_TASK BRIEF_
Extract only the lines from the start of the entries below to the line with "[Pavilion Exterior, German", inclusive; omit every picture.
[Opening EXERCISE MATERIALS section]
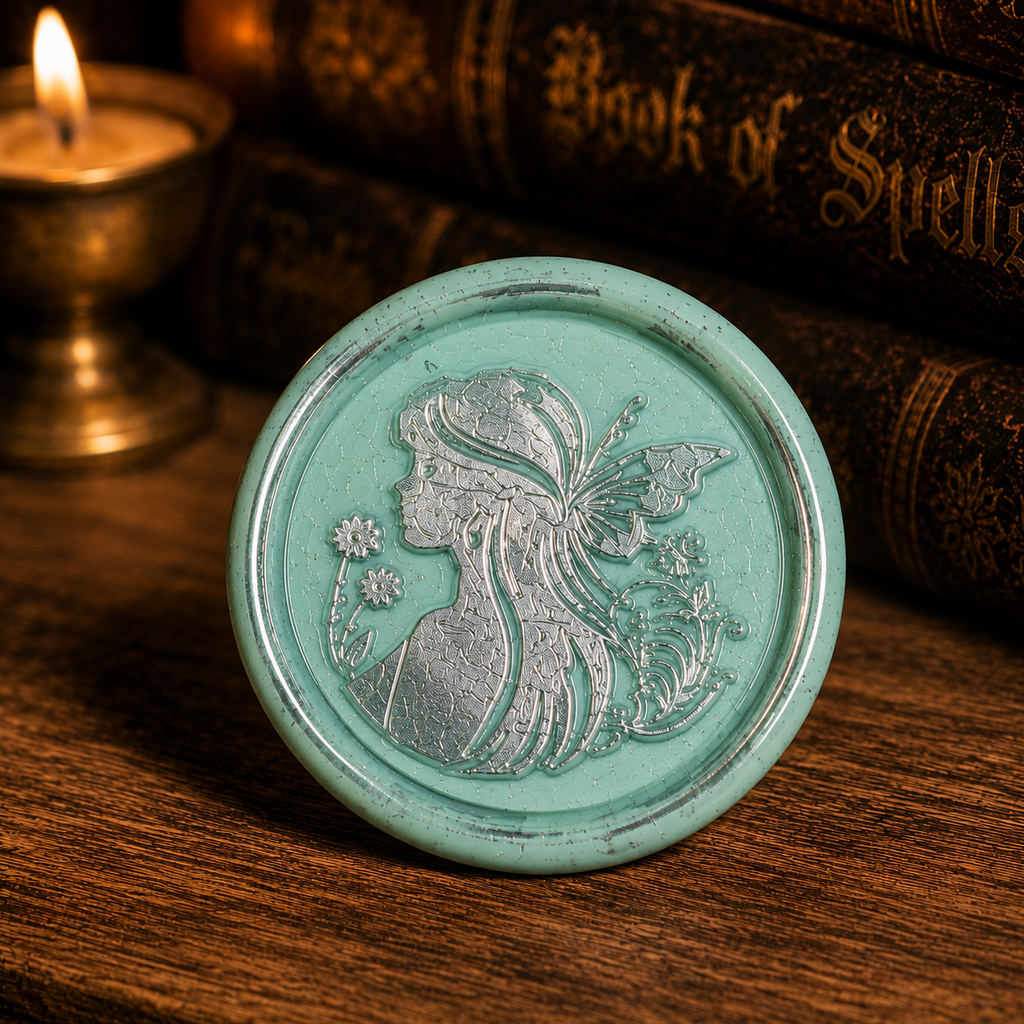Handmade Fairy Peel & Stick Wax Seals – Set of 6 Envelope Seals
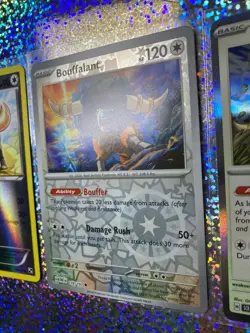 Pokemon Reverse Holo Bouffalant: Black & White 90/114; Obsidian Flames 174/197 - Image 4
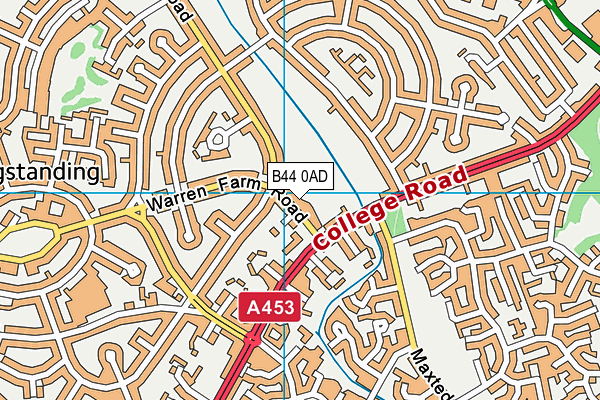 B44 0AD map - OS VectorMap District (Ordnance Survey)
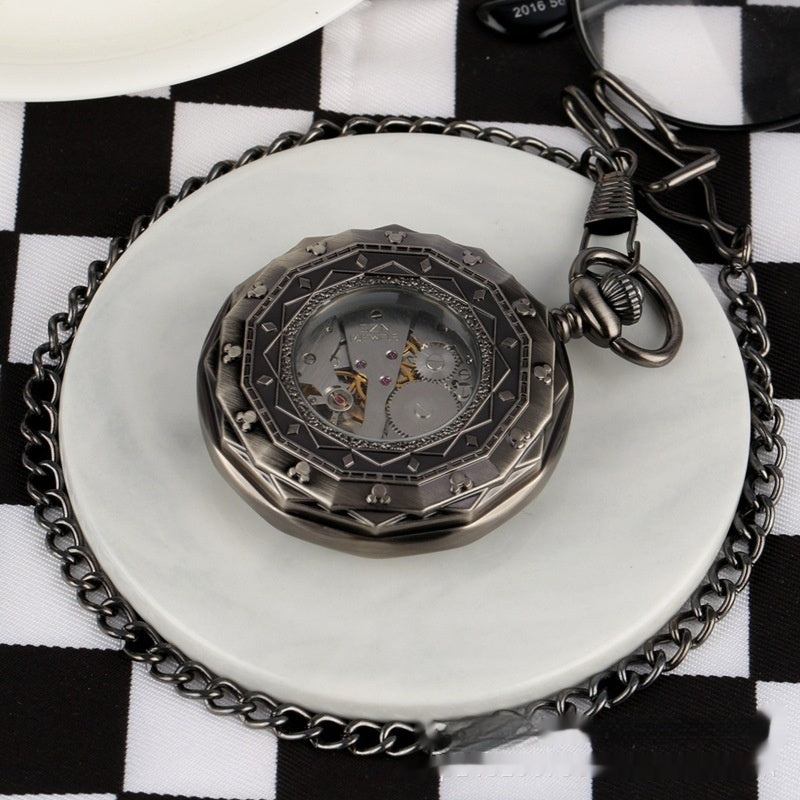 Roman Pattern Manual Pocket Watch
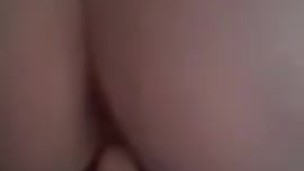Fuckin my dildo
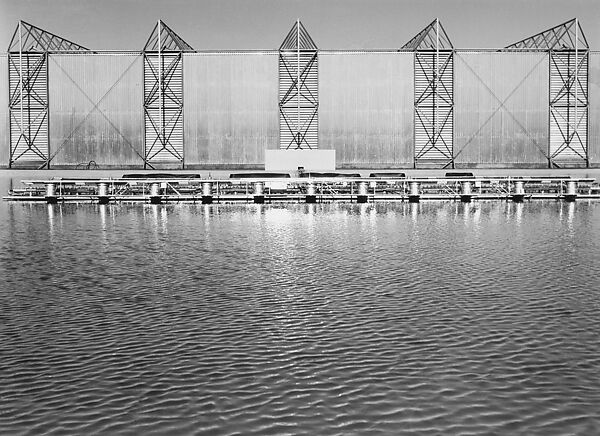 [Pavilion Exterior, German Industrial Exhibition, Khartoum, Sudan], Hilla Becher (German, 1934–2015), Gelatin silver print 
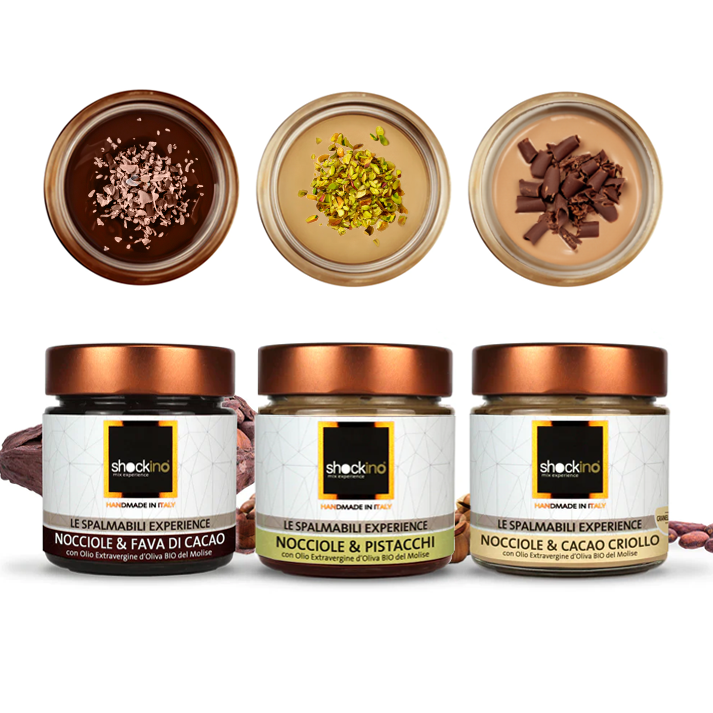 Kit degustazione creme spalmabili granellate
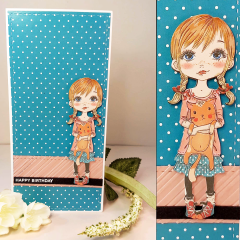 Alison polka dot girl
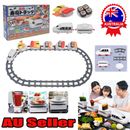 Sushi Train Rotary Sushi Toy Track Conveyor Belt Rotating Table Kid Food DM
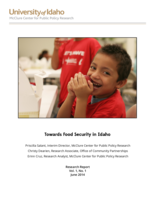 Towards Food Security in Idaho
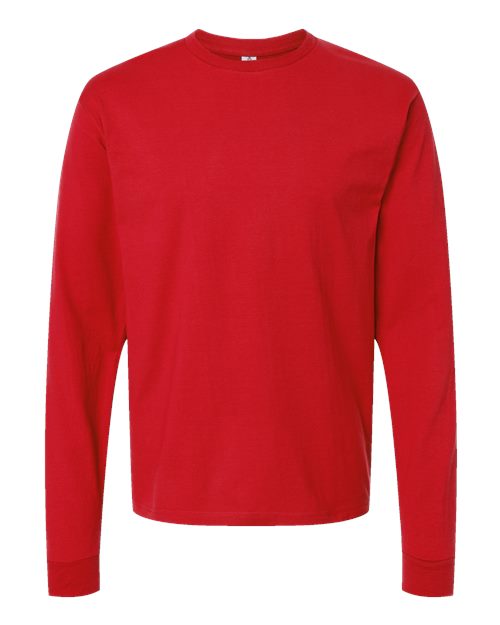 Tultex 291 Heavyweight Jersey Long Sleeve T-Shirt #color_Red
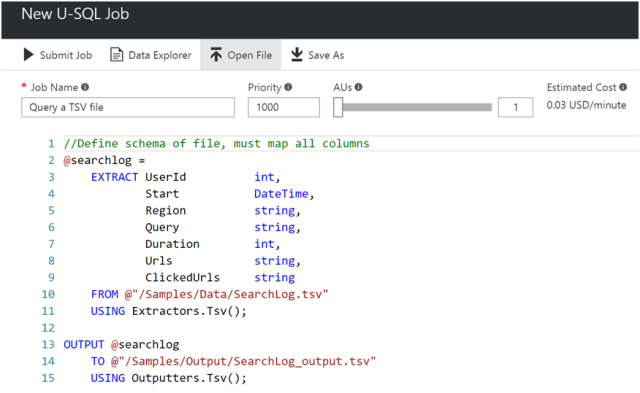 Creating Azure Data Lake Analytics4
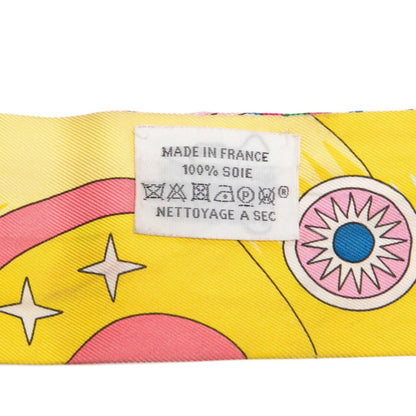 Hermes Herms Twilly "La Source De Pegase" Scarf/Muffler In Pink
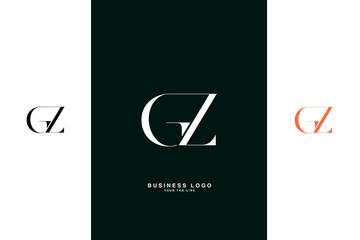 GZ, ZG, G, Z, Abstract Letters Logo Monogram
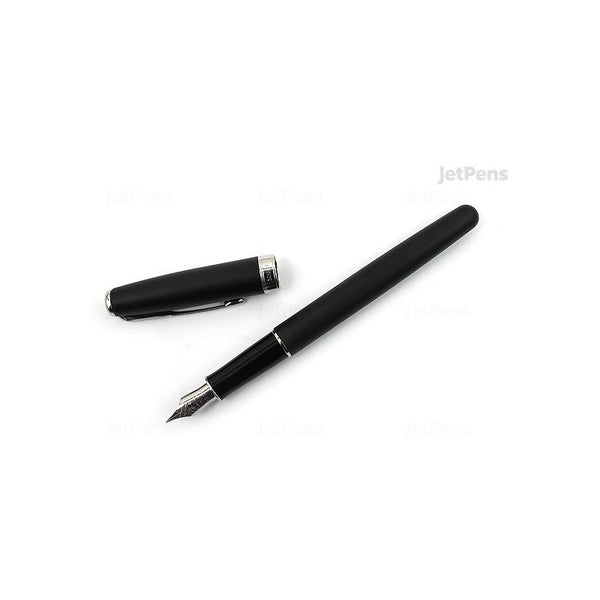 Lapicera Pluma Parker Sonnet Matte Lacquered Black Silver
[Closing EXERCISE MATERIALS section]
_EXERCISE RESPONSE_
Handmade Fairy Peel & Stick Wax Seals – Set of 6 Envelope Seals
 Pokemon Reverse Holo Bouffalant: Black & White 90/114; Obsidian Flames 174/197 - Image 4
 B44 0AD map - OS VectorMap District (Ordnance Survey)
 Roman Pattern Manual Pocket Watch
Fuckin my dildo
 [Pavilion Exterior, German Industrial Exhibition, Khartoum, Sudan], Hilla Becher (German, 1934–2015), Gelatin silver print 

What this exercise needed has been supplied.